Temples 29, 30, and 31

Estimated distance walked this day:  15 kms

Cumulative distance walked: 169 kms

These temples were the first of a set leading out from Kochi. We took the train from the central station to Gomen, then headed a couple of miles north to Kokubunji. This temple had, in my opinion, very nice temple grounds — an oasis in the city. We sort of picked up another henro, an older Japanese man, who wanted to walk along with us for a while. He was interested in pointing out various native plants, as Ann is interested in horticulture. We ambled along quiet roads and trails paralleling the Kokubu River, until we got to the vicinity of the Kochi University Medical Hospital. At this point we split off to eat lunch; he continued on his way.

After lunch, we continued until we came to a rest hut. I read various entries from Westerners who had spent the night there and marveled at these hardy folks. One praised the hut for having an electrical outlet as well as porta-potty and vending machine.

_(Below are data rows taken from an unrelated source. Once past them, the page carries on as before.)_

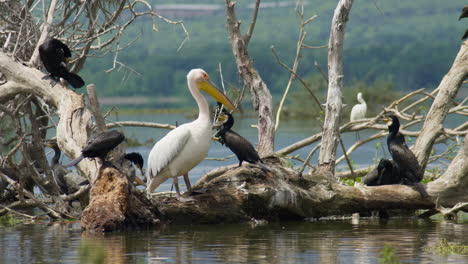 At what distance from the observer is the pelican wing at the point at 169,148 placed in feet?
29.0

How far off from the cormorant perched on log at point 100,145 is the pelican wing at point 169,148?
1.74 feet

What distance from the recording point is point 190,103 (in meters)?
66.1

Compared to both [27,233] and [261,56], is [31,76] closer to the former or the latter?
[27,233]

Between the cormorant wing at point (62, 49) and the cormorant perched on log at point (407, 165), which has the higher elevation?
the cormorant wing at point (62, 49)

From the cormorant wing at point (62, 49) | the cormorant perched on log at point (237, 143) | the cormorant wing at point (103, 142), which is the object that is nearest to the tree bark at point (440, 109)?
the cormorant perched on log at point (237, 143)

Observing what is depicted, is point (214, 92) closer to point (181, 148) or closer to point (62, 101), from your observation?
point (181, 148)

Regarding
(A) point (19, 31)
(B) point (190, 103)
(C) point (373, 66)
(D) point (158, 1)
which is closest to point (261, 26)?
(D) point (158, 1)

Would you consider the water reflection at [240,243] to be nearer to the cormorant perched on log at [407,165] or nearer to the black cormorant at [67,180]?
the cormorant perched on log at [407,165]

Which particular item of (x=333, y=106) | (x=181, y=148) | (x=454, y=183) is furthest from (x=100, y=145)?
(x=454, y=183)

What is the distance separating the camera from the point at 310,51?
263 ft

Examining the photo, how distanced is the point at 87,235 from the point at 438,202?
3.50 m

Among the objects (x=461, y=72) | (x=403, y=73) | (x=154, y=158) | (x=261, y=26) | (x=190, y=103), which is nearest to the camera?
(x=154, y=158)

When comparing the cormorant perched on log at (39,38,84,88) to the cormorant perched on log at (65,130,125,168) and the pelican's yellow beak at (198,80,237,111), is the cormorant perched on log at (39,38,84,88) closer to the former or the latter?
the cormorant perched on log at (65,130,125,168)

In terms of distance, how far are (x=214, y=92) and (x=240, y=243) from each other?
215 cm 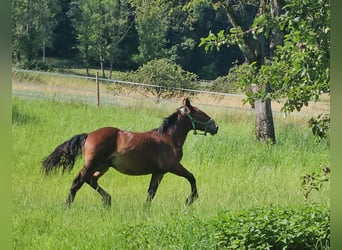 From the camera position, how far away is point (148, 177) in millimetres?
3775

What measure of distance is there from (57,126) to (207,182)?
114 cm

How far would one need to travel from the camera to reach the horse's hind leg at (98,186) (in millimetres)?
3648

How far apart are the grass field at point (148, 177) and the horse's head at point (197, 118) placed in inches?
3.3

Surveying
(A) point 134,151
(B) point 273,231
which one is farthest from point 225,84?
(B) point 273,231

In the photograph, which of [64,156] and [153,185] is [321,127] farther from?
[64,156]

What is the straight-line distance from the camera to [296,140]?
13.0 ft

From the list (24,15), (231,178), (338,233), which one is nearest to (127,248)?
(231,178)

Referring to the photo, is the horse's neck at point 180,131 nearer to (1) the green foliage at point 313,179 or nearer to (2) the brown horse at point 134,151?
(2) the brown horse at point 134,151

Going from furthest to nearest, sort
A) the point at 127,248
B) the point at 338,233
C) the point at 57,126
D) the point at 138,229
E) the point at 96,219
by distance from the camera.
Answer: the point at 57,126 → the point at 96,219 → the point at 138,229 → the point at 127,248 → the point at 338,233

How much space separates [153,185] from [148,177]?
0.27ft

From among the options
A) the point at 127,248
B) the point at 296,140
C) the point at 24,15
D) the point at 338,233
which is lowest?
the point at 127,248

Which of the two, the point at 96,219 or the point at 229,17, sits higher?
the point at 229,17

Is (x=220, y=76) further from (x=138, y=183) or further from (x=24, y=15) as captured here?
(x=24, y=15)

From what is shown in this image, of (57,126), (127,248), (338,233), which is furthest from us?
(57,126) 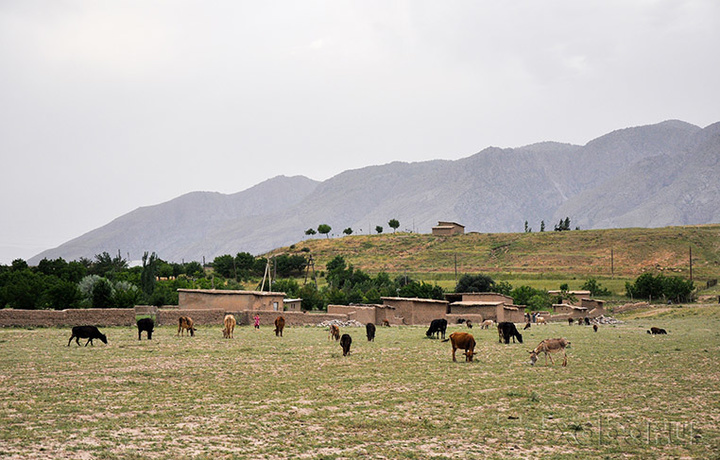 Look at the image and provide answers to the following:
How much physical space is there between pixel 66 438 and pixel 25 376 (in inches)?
292

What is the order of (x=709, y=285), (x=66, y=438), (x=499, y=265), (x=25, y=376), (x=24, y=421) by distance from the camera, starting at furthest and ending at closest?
(x=499, y=265), (x=709, y=285), (x=25, y=376), (x=24, y=421), (x=66, y=438)

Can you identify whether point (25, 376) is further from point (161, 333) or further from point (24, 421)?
point (161, 333)

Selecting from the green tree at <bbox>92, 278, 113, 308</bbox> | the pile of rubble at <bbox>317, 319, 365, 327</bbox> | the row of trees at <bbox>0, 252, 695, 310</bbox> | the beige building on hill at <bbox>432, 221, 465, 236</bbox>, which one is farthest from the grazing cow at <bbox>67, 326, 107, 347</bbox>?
the beige building on hill at <bbox>432, 221, 465, 236</bbox>

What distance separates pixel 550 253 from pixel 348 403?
382 ft

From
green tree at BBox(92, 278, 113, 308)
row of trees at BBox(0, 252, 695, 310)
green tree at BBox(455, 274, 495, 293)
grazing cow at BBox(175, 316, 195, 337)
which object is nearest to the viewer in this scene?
grazing cow at BBox(175, 316, 195, 337)

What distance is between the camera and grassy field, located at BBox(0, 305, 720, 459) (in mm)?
11750

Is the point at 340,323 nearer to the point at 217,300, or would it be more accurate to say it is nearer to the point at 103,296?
the point at 217,300

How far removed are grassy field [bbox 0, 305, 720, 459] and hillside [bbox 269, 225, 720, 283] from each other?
87317 millimetres

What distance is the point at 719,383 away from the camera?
60.3 feet

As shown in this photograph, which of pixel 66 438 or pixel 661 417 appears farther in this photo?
pixel 661 417

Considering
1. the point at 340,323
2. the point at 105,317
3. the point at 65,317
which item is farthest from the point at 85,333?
the point at 340,323

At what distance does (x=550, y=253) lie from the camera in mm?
126562

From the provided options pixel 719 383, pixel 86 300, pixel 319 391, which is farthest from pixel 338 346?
pixel 86 300

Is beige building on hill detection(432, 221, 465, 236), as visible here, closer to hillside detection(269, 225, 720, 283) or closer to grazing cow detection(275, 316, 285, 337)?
hillside detection(269, 225, 720, 283) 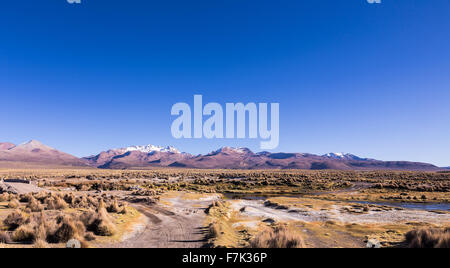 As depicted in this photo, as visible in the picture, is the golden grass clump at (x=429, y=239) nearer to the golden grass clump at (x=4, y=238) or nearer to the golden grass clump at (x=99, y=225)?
the golden grass clump at (x=99, y=225)

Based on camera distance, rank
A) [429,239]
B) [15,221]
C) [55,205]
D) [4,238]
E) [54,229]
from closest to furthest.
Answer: [429,239] < [4,238] < [54,229] < [15,221] < [55,205]

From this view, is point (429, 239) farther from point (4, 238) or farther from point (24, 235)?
point (4, 238)

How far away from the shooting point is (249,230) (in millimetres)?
18953

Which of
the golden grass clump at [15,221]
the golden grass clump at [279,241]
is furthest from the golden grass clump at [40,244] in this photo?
the golden grass clump at [279,241]

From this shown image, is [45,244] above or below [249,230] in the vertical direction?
above

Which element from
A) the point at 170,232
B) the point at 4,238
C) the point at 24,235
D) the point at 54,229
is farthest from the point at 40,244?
the point at 170,232

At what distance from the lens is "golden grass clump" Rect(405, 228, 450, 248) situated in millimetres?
11984

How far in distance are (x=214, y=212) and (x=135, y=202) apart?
13068mm

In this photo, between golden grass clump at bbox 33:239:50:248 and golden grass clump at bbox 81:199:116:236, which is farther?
golden grass clump at bbox 81:199:116:236

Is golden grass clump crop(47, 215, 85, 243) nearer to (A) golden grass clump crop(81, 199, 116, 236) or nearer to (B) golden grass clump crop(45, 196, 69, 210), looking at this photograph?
(A) golden grass clump crop(81, 199, 116, 236)

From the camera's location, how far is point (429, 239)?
12891 mm

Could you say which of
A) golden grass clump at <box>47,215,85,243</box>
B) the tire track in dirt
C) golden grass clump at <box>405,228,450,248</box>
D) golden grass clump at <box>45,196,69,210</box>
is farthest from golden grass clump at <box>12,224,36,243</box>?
golden grass clump at <box>405,228,450,248</box>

I complain when there’s no WiFi!

After this hut, the scenery changed: we were walking next to a large recycling center, and then were walking along a busy highway. Then we threaded a short bit through a quiet neighborhood, and made it to Temple 30, Zenrakuji. I understand that due to inter-religious conflict, this temple fell into decline, and its main treasures moved to another temple, and there was for a time two temple 30s. Only sixty years ago did the temple get to be reunited, and was rebuilt.

This temple thus had a very new feel to it; its grounds were mostly concrete. I would say that this was not my most favorite temple, but considering its tumultuous past, I can’t criticize it too harshly.

We were a bit tired at this point, but we pushed on. There was then a higglity-pigglity mix of farmers’ fields, an amusement park, a hospital, and a couple of rivers to cross, all along a busy road.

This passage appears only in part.